**Data segment**
***
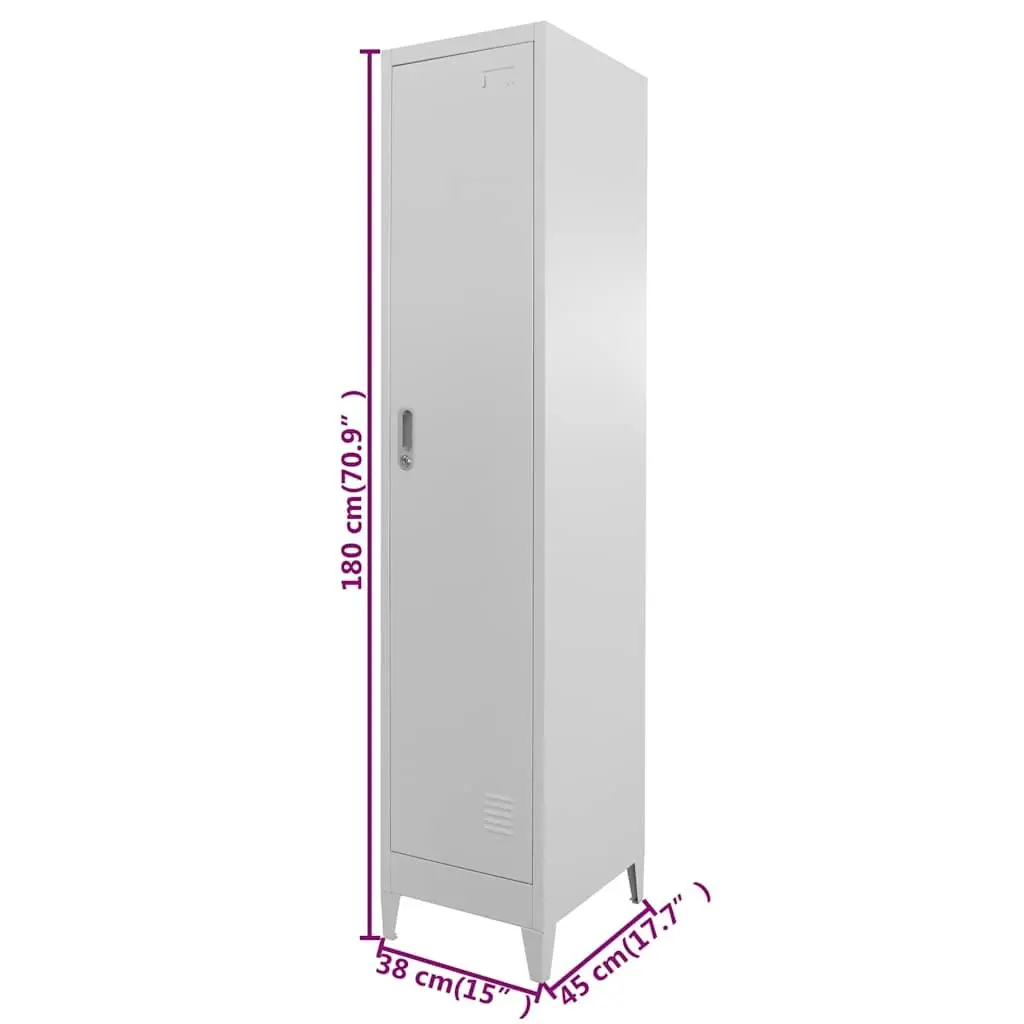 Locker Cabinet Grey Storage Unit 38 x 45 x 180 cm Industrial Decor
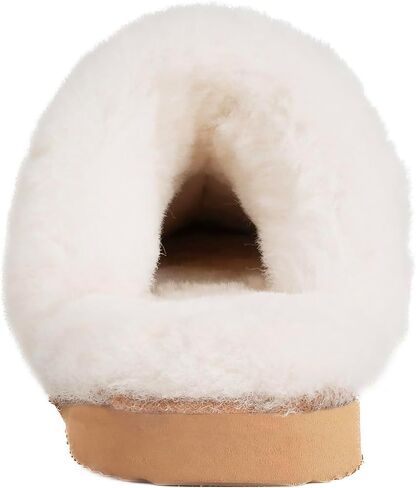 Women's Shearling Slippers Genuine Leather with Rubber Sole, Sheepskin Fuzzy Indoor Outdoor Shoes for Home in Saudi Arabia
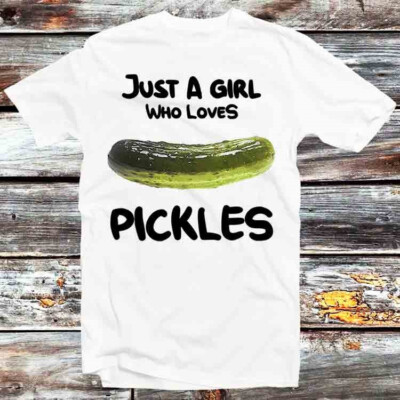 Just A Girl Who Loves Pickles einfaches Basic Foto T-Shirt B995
***
**Required action**
Give the lines from the one containing "Women's Shearling Slippers" through the final line of the material again, exactly and in full, but without pictures.

**Written solution**
 Women's Shearling Slippers Genuine Leather with Rubber Sole, Sheepskin Fuzzy Indoor Outdoor Shoes for Home in Saudi Arabia
 Just A Girl Who Loves Pickles einfaches Basic Foto T-Shirt B995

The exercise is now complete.